The seller sought a variety of remedies for this breach of contract, including specific performance and, alternatively, money damages. The claim for money damages was tried beginning on March 31, 2003. In this post-trial opinion, the court concludes that the seller is entitled to damages measured by reference to the market price of the shares over a period of five consecutive trading days beginning when the seller could first have sold them had the necessary registration statement been filed in a timely manner.
A. The Parties
Plaintiff BioLife Solutions, Inc., which was formally named Cryomedical Sciences, Inc. ("CMS"), is a Delaware corporation with its principal place of business in Binghamton, New York. BioLife's current business is the development, manufacture and marketing of solutions for the preservation of cells, tissues and organs at low temperatures (the "Solutions Business"). Before June 24, 2002, BioLife also was engaged in developing, manufacturing and marketing minimally invasive cryosurgical devices for the ablation of tissues (the "Cryosurgical Business").
CMS was one of the first companies to perfect the use of cryosurgical devices for the treatment of prostate diseases. During the early 1990s, it had essentially 100% of the worldwide market for this application. CMS began to struggle thereafter, and was quickly passed in marketplace acceptance by Endocare, Inc. (and a competitor, Galil Medical Systems, Inc.), whose cryosurgical equipment was viewed
Defendant Endocare, is a Delaware corporation with its principal place of business in Irvine, California. Endocare is engaged primarily in the development, manufacture, and marketing of temperature-based, minimally invasive surgical devices and technologies designed to treat certain cancers. Endocare was a direct competitor of CMS. By the spring of 2002, Endocare had approximately 80% of the market share for cryosurgical equipment used for prostate cancer.
B. The Transaction
In early 2002, BioLife and Endocare entered into negotiations regarding the acquisition of the Cryosurgical Business by Endocare. On May 28, 2002, BioLife and Endocare entered into an Asset Purchase Agreement (the "Agreement"). Closing on the Agreement occurred on June 24, 2002 (the "Closing"). Pursuant to the Agreement, Endocare acquired all of the tangible and intangible assets relating to BioLife's Cryosurgical Business. At the Closing, Endocare paid to BioLife $2,200,000 in cash, and provided BioLife with a stock certificate representing 120,022 shares of Endocare's common stock.
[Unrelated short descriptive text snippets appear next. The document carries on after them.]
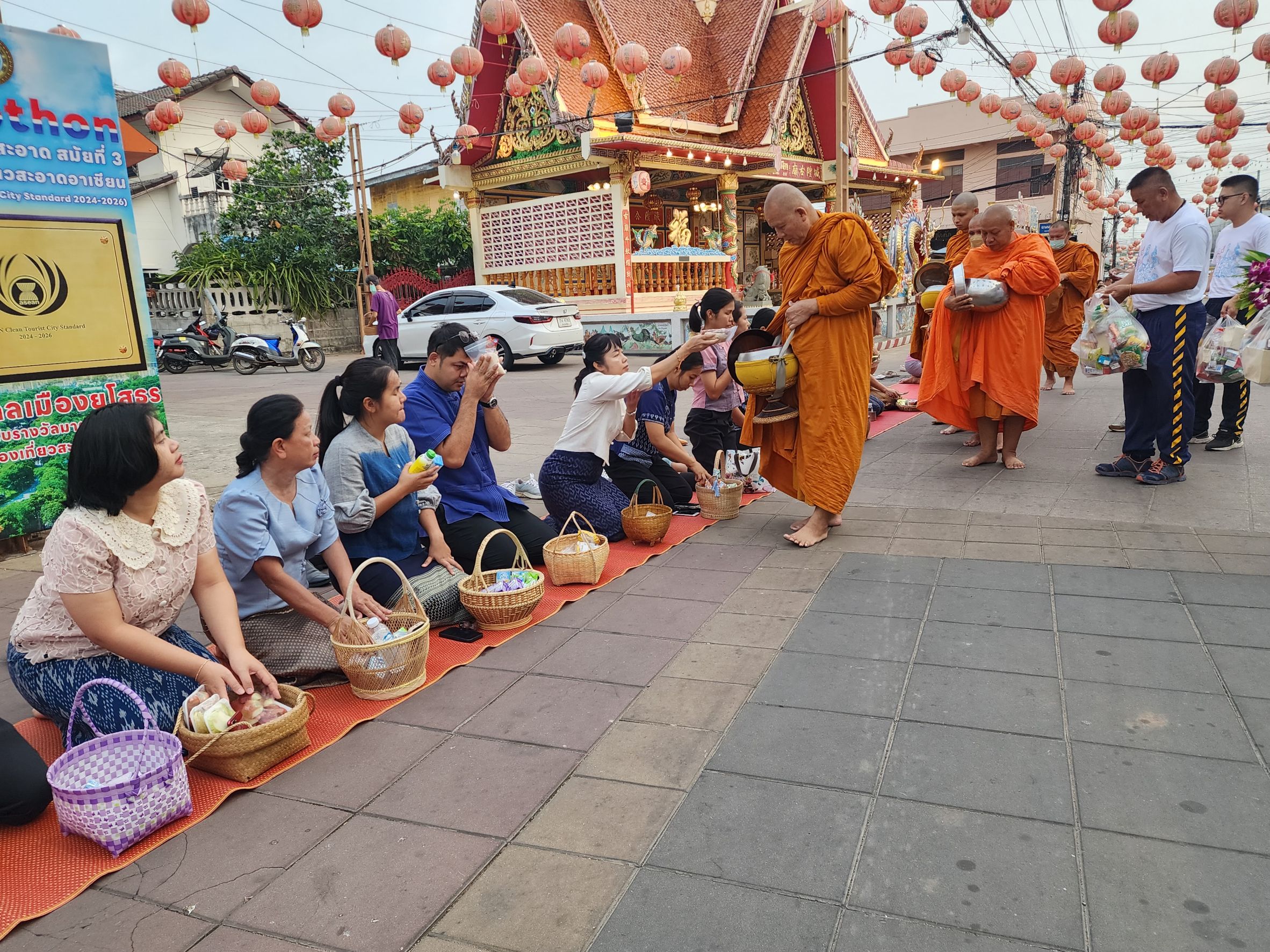 ☘พช.ยโสธรร่วมทำบุญตักบาตรย้อนยุค วิถีถิ่น วิถีไทย ถนนคนเดินยโสธร เมืองเก่าบ้านสิงห์ท่า และร่วมกันสวมใส่ผ้าไทยตามโครงการ “ผ้าไทยใส่ให้สนุก”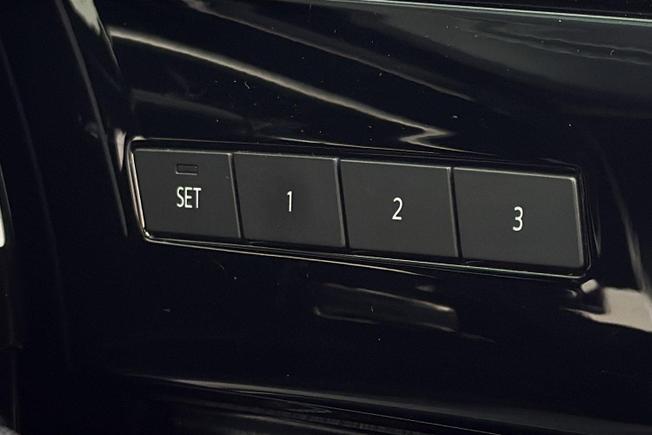 VOLKSWAGEN Touareg Photo 24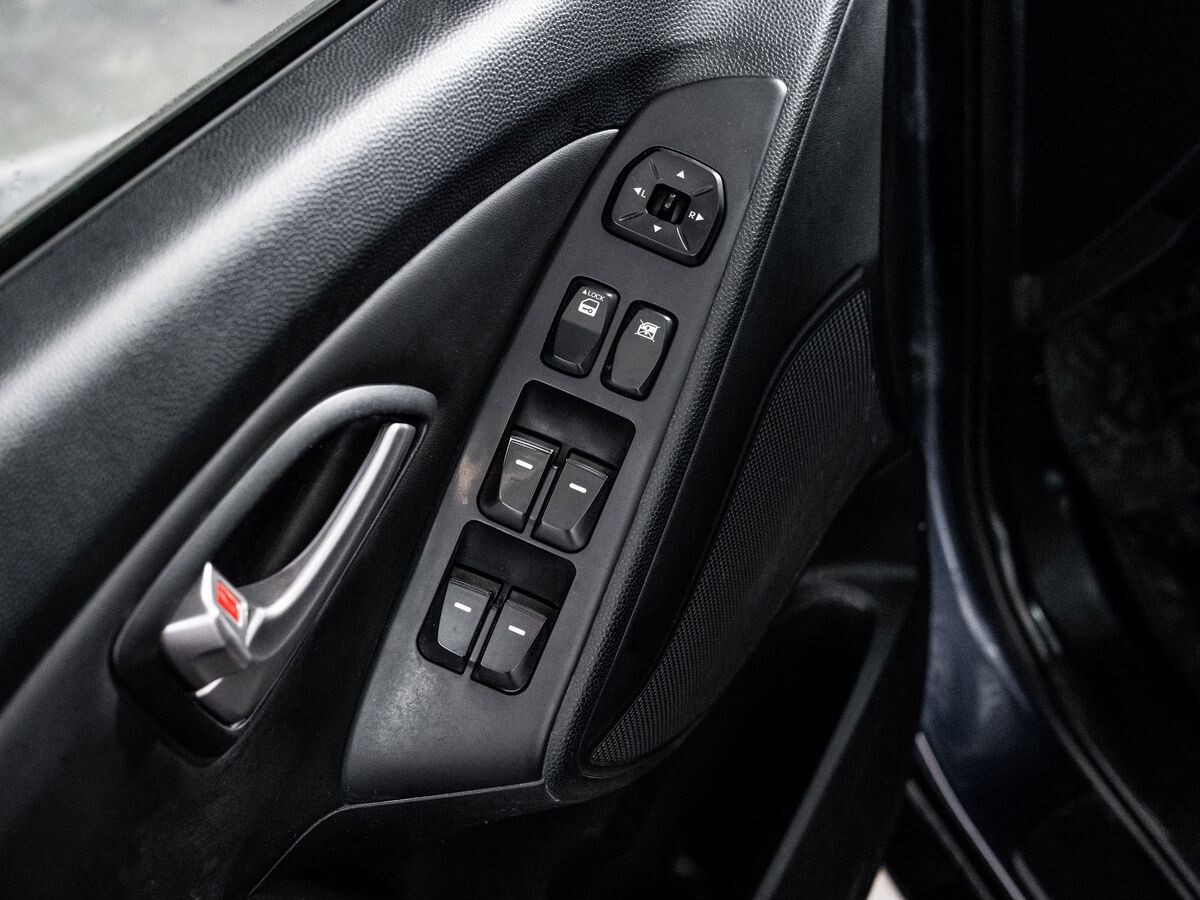 Hyundai ix35 2010 - фото автомобиля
Included among the financial information provided in the Agreement was the Statement of Operations for the CMS business. This Statement showed that CMS's revenue for calendar year 2001 was approximately $954,000 (or an average of approximately $240,000 per quarter), while its revenue for the first three months of 2002 (the only quarter available as of either the signing of the Agreement or the Closing) had declined to $82,893.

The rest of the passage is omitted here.